Exercise prompt: If a line below falls between the line with "Beauvoisin Villa |" and the line with "JumpSport 305003 trampolines - View #2", or is one of those two, output it exactly; output nothing else and no pictures.

Given data:

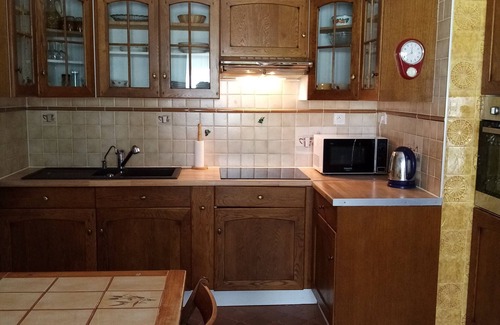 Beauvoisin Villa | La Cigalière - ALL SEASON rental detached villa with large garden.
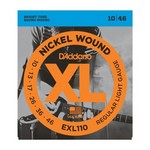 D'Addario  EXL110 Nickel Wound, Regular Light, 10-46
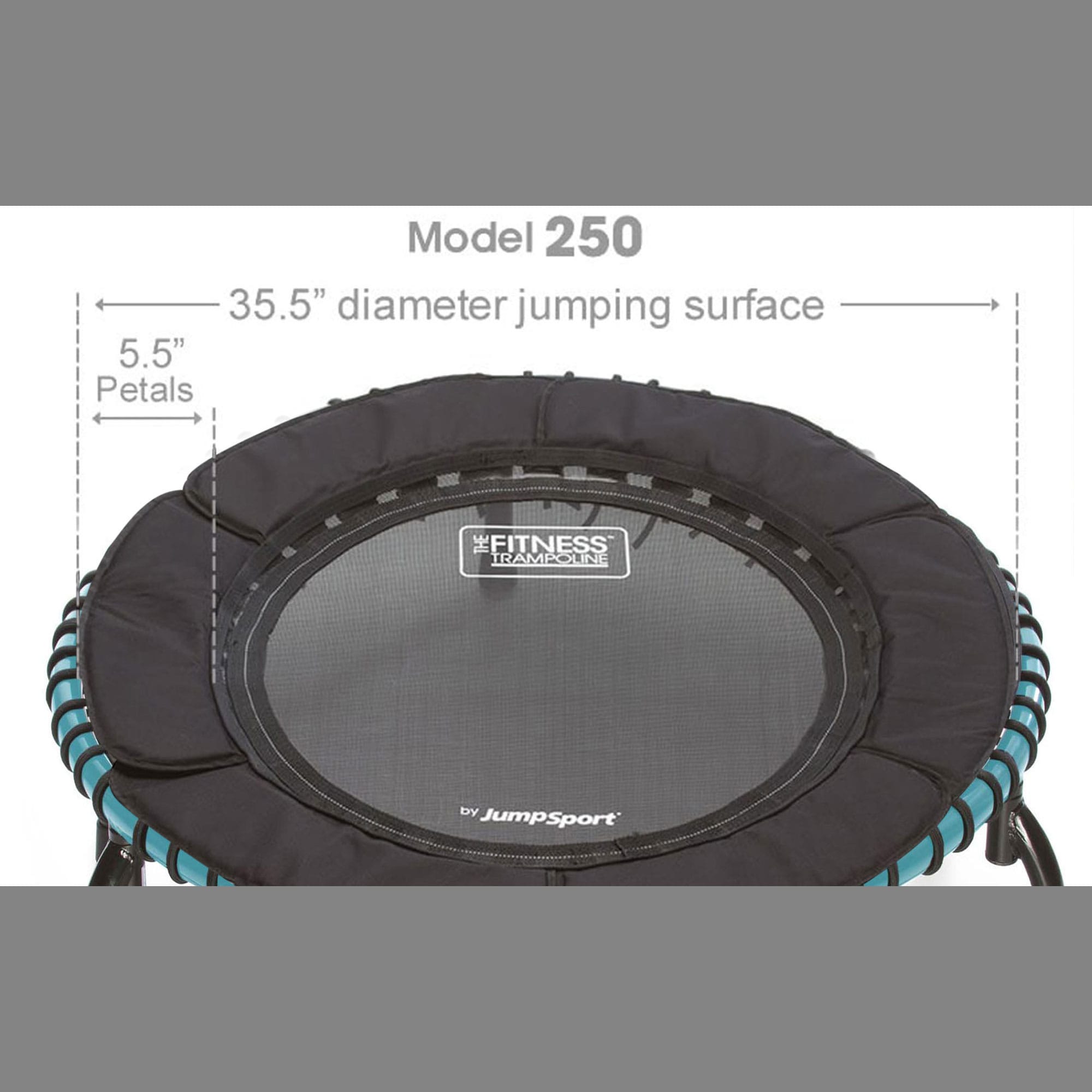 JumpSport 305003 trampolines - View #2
* * *
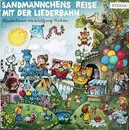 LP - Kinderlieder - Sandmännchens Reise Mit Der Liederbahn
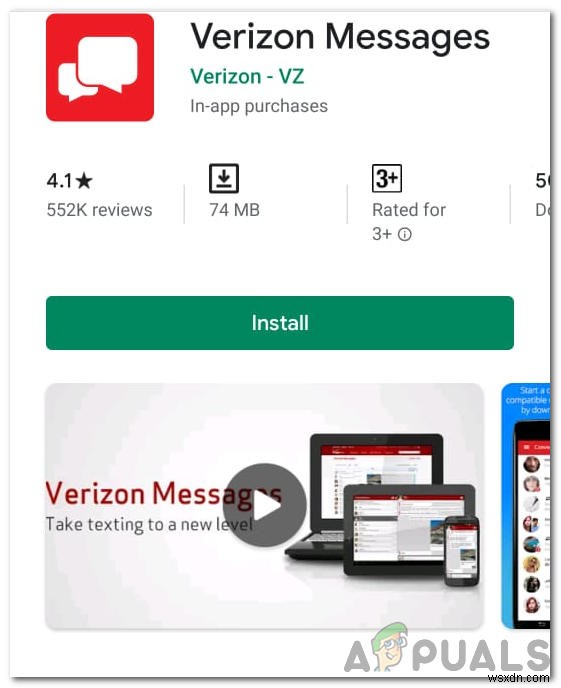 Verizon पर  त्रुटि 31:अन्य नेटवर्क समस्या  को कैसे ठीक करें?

Response below:
 Beauvoisin Villa | La Cigalière - ALL SEASON rental detached villa with large garden.
 D'Addario  EXL110 Nickel Wound, Regular Light, 10-46
 JumpSport 305003 trampolines - View #2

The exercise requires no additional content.